Carry none of the pictures over; write out the complete data exactly.

SUPPLIED MATERIAL:
◆ ◆ ◆ ◆ ◆

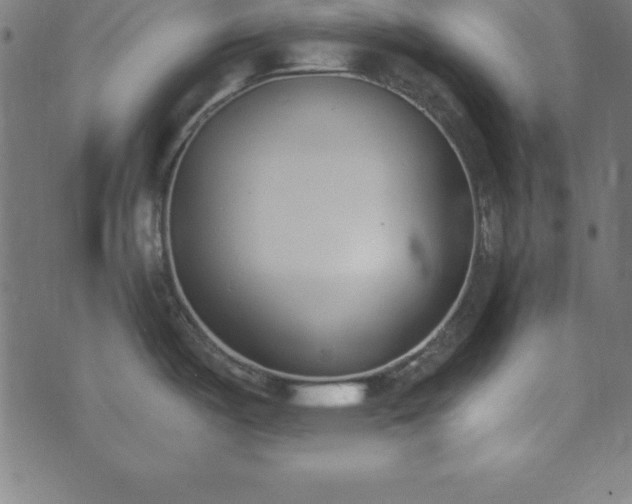 X0000073871487200608170955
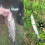 5pcs Fishing Lure Set Offshore Angling Trolling 3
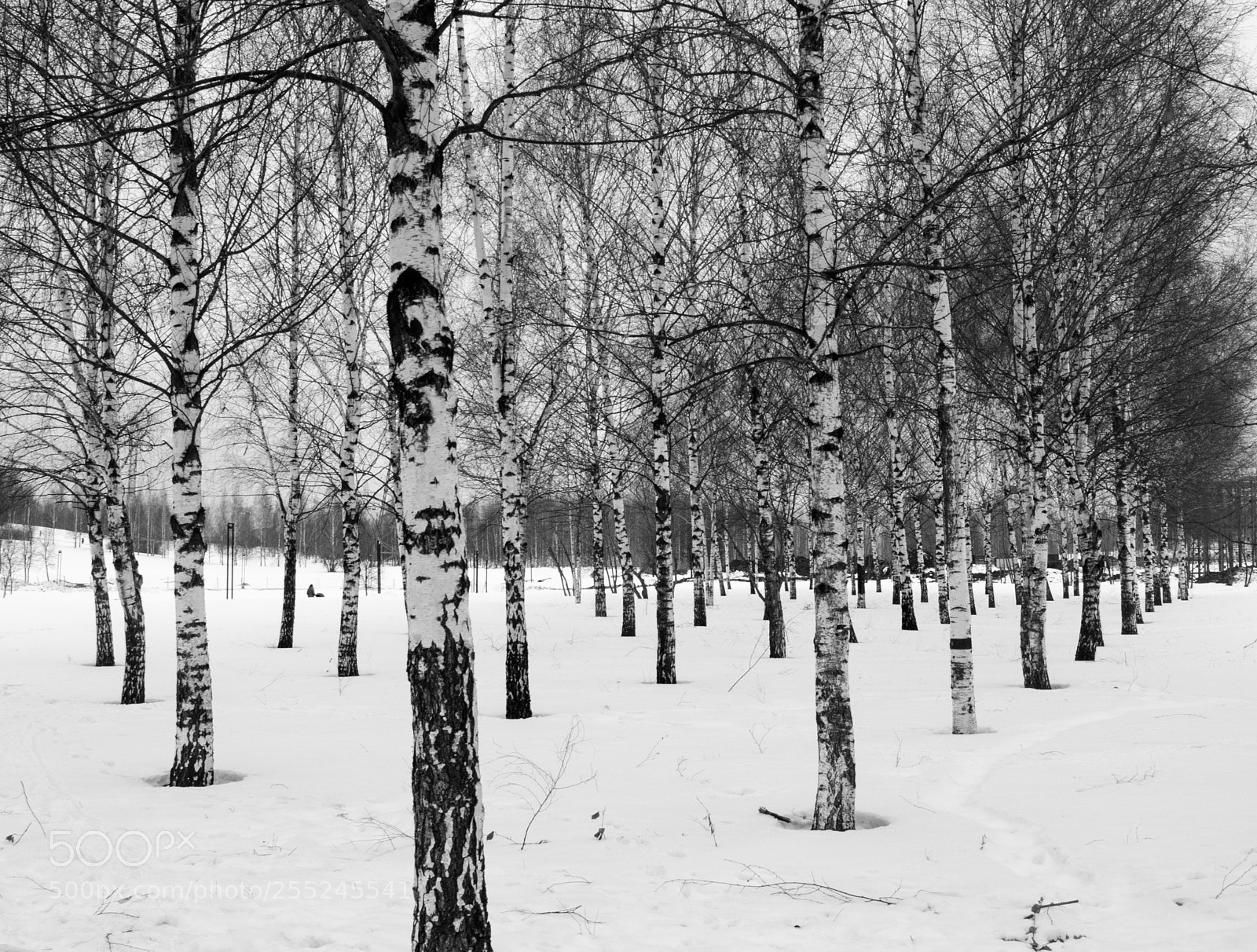 Nikon D5100 sample photo. Birch trees photography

◆ ◆ ◆ ◆ ◆

ANSWER SPACE:
 X0000073871487200608170955
 5pcs Fishing Lure Set Offshore Angling Trolling 3
 Nikon D5100 sample photo. Birch trees photography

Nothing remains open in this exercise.